Le quattro principali centrali nucleari erano quelle di Trino, Montalto di Castro, Latina e Sessa Aurunca e furono chiuse per svariate ragioni: limiti di età o a seguito del referendum del 1987. Con quel referendum l’Italia pronunciò un “no” storico al nucleare ma a distanza di 28 anni siamo ancora ben lontani dalla chiusura di quella coda velenosa. Il nostro territorio è infatti cosparso di siti di raccolta e di stoccaggio di scorie e veleni pericolosi. Attualmente - secondo i dati di Legambiente - sono circa 90 i capannoni e bunker che da un capo all'altro dell'Italia già ospitano depositi di rifiuti radioattivi e di combustibile irraggiato.
Il dibattito sull'eventuale reintroduzione dell'energia nucleare che si era aperto fra il 2005 ed il 2008, si è chiuso con il referendum abrogativo del 2011, in cui sono state abrogate le normative per l'ambito nucleare da elettroproduzione. In particolare - per quanto riguarda la Sardegna - il 15 e il 16 maggio del 2011, si è tenuto un referendum regionale consultivo proposto da Sardigna Natzione Indipendentzia, sull'eventuale costruzione di impianti nucleari nell'isola.
Il quesito referendario, recitava semplicemente: «Sei contrario all'installazione in Sardegna di centrali nucleari e di siti per lo stoccaggio di scorie radioattive da esse residuate o preesistenti?», coinvolgendo dunque anche i depositi di scorie, a differenza di quello nazionale, che si sarebbe limitato alle centrali per la produzione di elettricità a scopo commerciale.

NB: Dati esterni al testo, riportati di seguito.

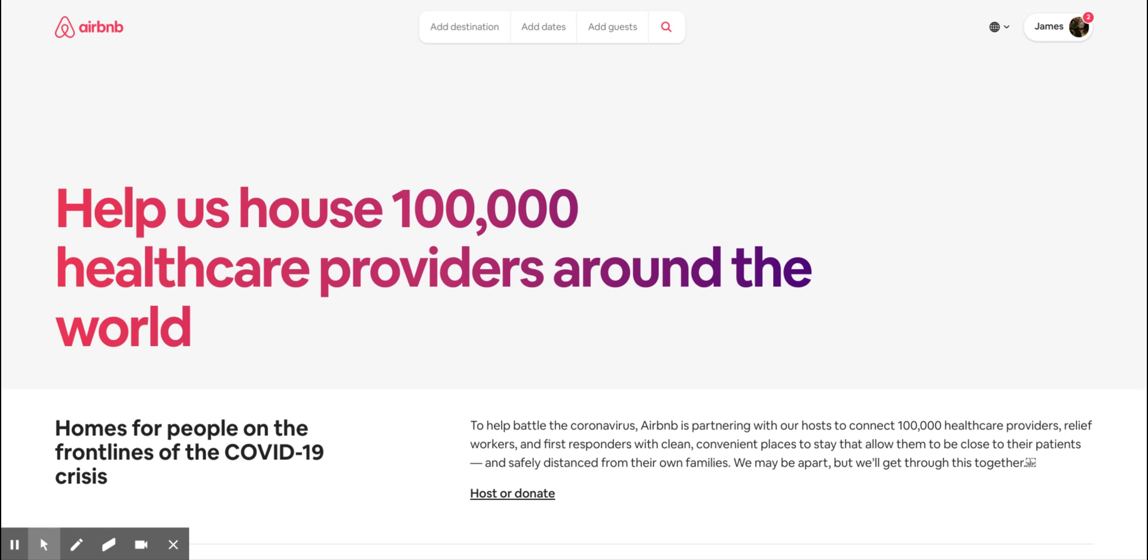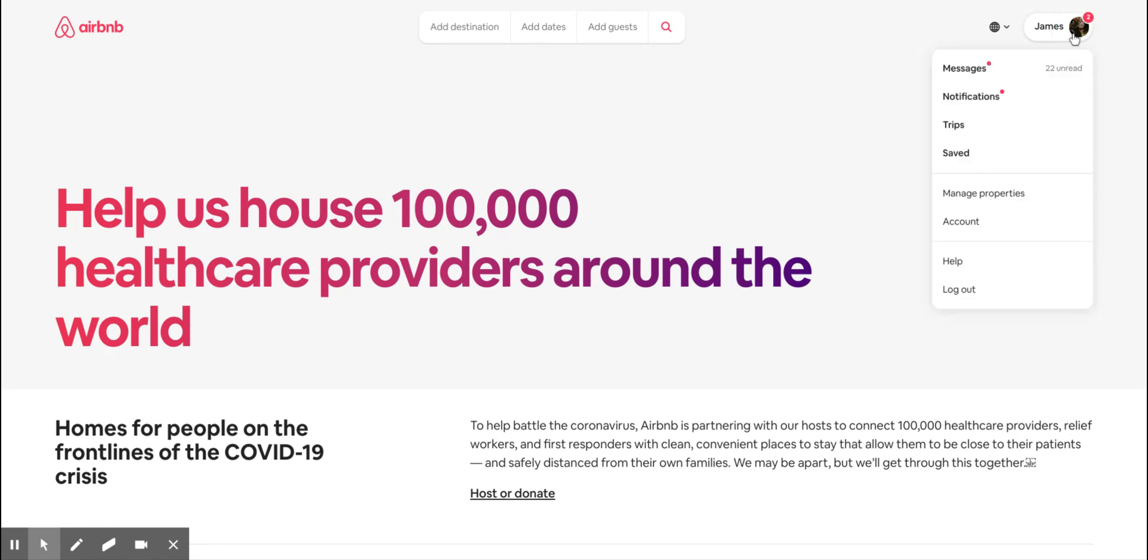To add a payout method into Airbnb, all you need to do is log in to the Airbnb website. Once you're on the landing page, click on the image on the top right hand corner, that's your profile picture. If you click there, then go to account.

Votò un terzo dei sardi che decise di dire no a un deposito di scorie nucleari nell'isola. Tale referendum ha avuto solo valore consultivo, non impegnando né il governo regionale né quello nazionale, servendo comunque come messaggio politico, date le dimensioni della partecipazione popolare e l'esito della consultazione.
A questo punto nascono le preoccupazioni. La Sardegna potrebbe essere di nuovo a rischio. Entro tre mesi conosceremo il nome della località italiana in cui sarà costruito il Deposito unico nazionale delle scorie nucleari. Pochi giorni fa la Sogin - società pubblica incaricata dello smantellamento dei reattori attivi in Italia - ha consegnato all’Ispra (Istituto Superiore per la Protezione e Ricerca Ambientale) la mappa in cui sono indicate le aree potenzialmente idonee. Sull’elenco vige la più stretta segretezza. Spetterà ora all’agenzia del ministero dell’Ambiente verificare la correttezza dei suggerimenti forniti dalla Sogin.
Per ora continuiamo a brancolare nel buio. L'unica certezza riguarda i criteri guida per la scelta del deposito: sono gli stessi di dieci anni fa. La Sardegna non è fuori dai giochi.